On the other hand ,for interactive use, it's often very helpful to be able to see what's on the File page at Commons; but there's no way to click back from the full-resolution image to the Commons page, without manually re-writing the URL every time. Also, as mentioned before, the full-resolution image may often be a lot too much -- often very big, so very heavy to download.

(It may even indeed be a legal requirement to be able to easily get to the licensing and attribution image on the file page, under the terms of the various CC licenses that demand that images are only made available with attribution. So strictly speaking at the very least the linked data service should probably be making available some attribution URL + some license URL if it is providing the bare image URL. But that may be something that will have to wait for the full roll-out of Structured Data on Commons).

I don't know if there are any other ways to link & invoke MediaViewer (but there might be), or to pass it the names of the other images to include in the slideshow.

No.

With regard to external identifiers and to the P:373 Commons category values, it strikes me that what we really need in the triplestore is a special datatype -- in a similar way to the way we have a special datatype for Commons media.

It would seem that what we need is a "link" datatype, that can carry both a URL and a string, and can therefore be recognised as such and formatted appropriately by the GUI. Presumably routines could be provided to easily cast it to string or to IRI; and/or one could just have two RDF connector properties to connect it to its string and to its IRI respectively.

It would also be useful for the GUI to show Wikipedia sitelinks as links rather than full URLs.

The shorter form is especially valuable when one is trying to include a lot of columns in a table report, without losing the grid structure (which happens if there are too many columns with unbreakably long text).

Of course one can more or less extract the page name with something like
BIND(REPLACE(REPLACE(str(?article), 'https://en.wikipedia.org/wiki/', ''),'%20',' ') AS ?en_wiki)
but this very basic workaround still leaves eg brackets and international characters in percent encoding; and of course it loses the clickability of the link.

It would be nice to be able to have a wiki article name by default show up in the GUI simply as linked text.

Finally, it would be good if there could be a way to switch between different views when a query has been run in "kiosk" mode

Please see T151057: [Story] Toolbars for result views

@Jheald right now, if you click on the "picture" icon before the picture name, you already get a gallery view.
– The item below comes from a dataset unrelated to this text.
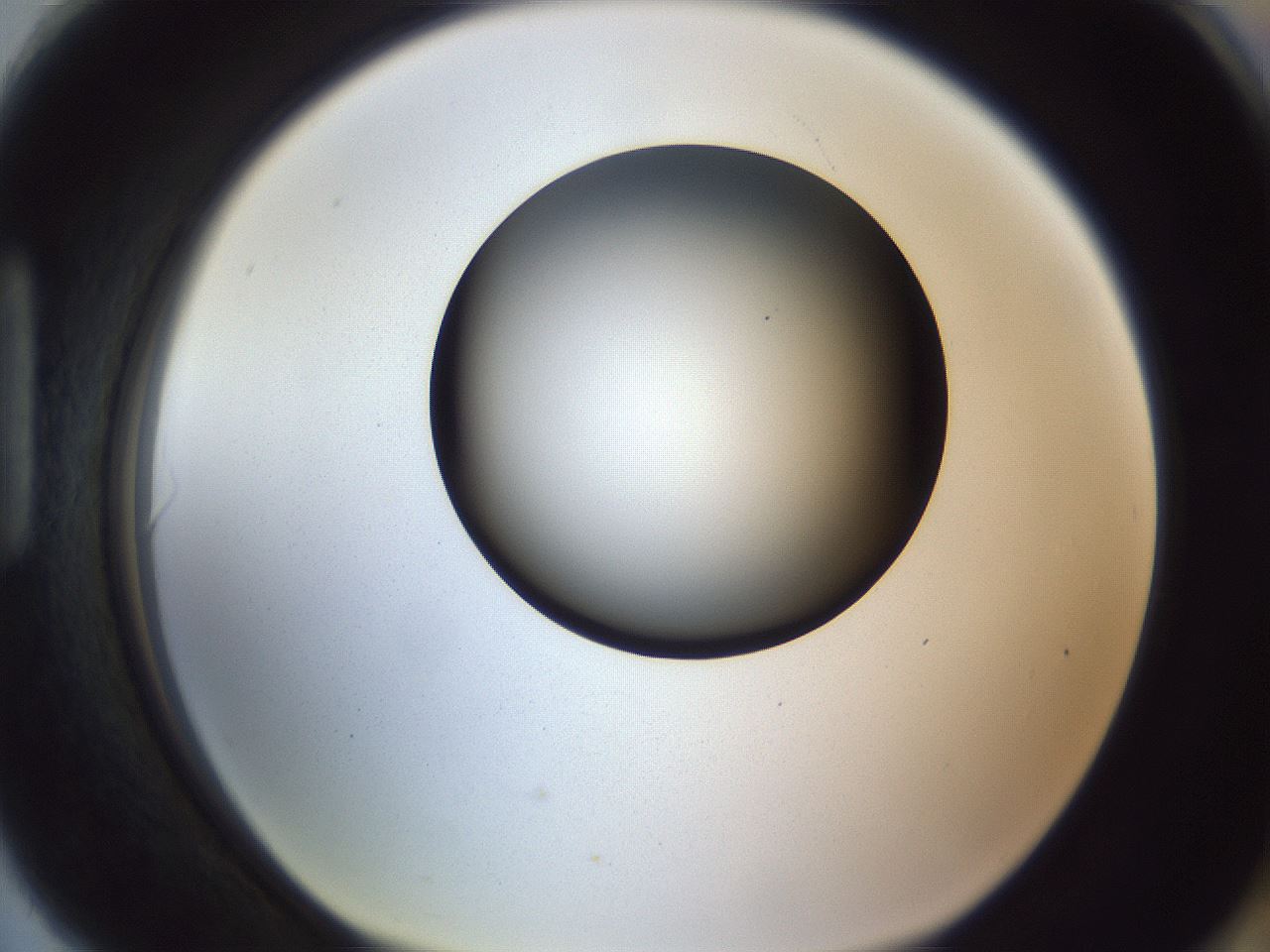 folderID164_plateID1164_batchID3211_wellNum90_profileID1_d1_r63953_ef.jpg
Is that one not good? As for file link, I don't remember why we chose Special:FilePath, @Jonas may know.

AFAIK Special:FilePath is from the RDF export. Maybe the reason is that it is a direct link to the actual image resource.
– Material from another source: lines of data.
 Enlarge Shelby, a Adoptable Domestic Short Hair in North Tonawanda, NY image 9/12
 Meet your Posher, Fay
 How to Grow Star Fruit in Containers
It would be good if the values of property P:373 ("Commons category") could be presented as links rather than plain text. (The same also goes for the values of external identifiers). Yes, it's easy enough to CONCAT the domain and cast the string to a URL, but it makes the output look a lot messier and harder to read. It would be nice if internally the column of values were being retrieved as (URL + text)-valued objects, and could then be presented as such.

@Smalyshev we may want to change this in the RDF export so it is an URI instead of text.
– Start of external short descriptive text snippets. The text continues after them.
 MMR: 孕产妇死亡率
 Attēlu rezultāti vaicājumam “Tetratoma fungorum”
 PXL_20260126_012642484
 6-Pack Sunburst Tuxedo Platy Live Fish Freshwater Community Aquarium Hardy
Change 340503 had a related patch set uploaded (by Jonas Kress (WMDE)):
[wikidata/query/gui] Change image link media viewer

https://gerrit.wikimedia.org/r/340503

Thanks for this Jonas, but given there is already the nice viewer on the page (which I didn't know about when I wrote the bug, because until then I'd only right-clicked on it), perhaps on consideration a better link is just the simple Commons file page, ie 'https://commons.wikimedia.org/wiki/File:{FILENAME}'

Change 340503 merged by Jonas Kress (WMDE):
[wikidata/query/gui] Change image link media viewer

https://gerrit.wikimedia.org/r/340503

I lost overview a bit here. What still needs to be done?

Jonas claimed this task.

I am closing this even if I think proper linking to commons category is missing.
If the demand is still there please create a new ticket, thanks!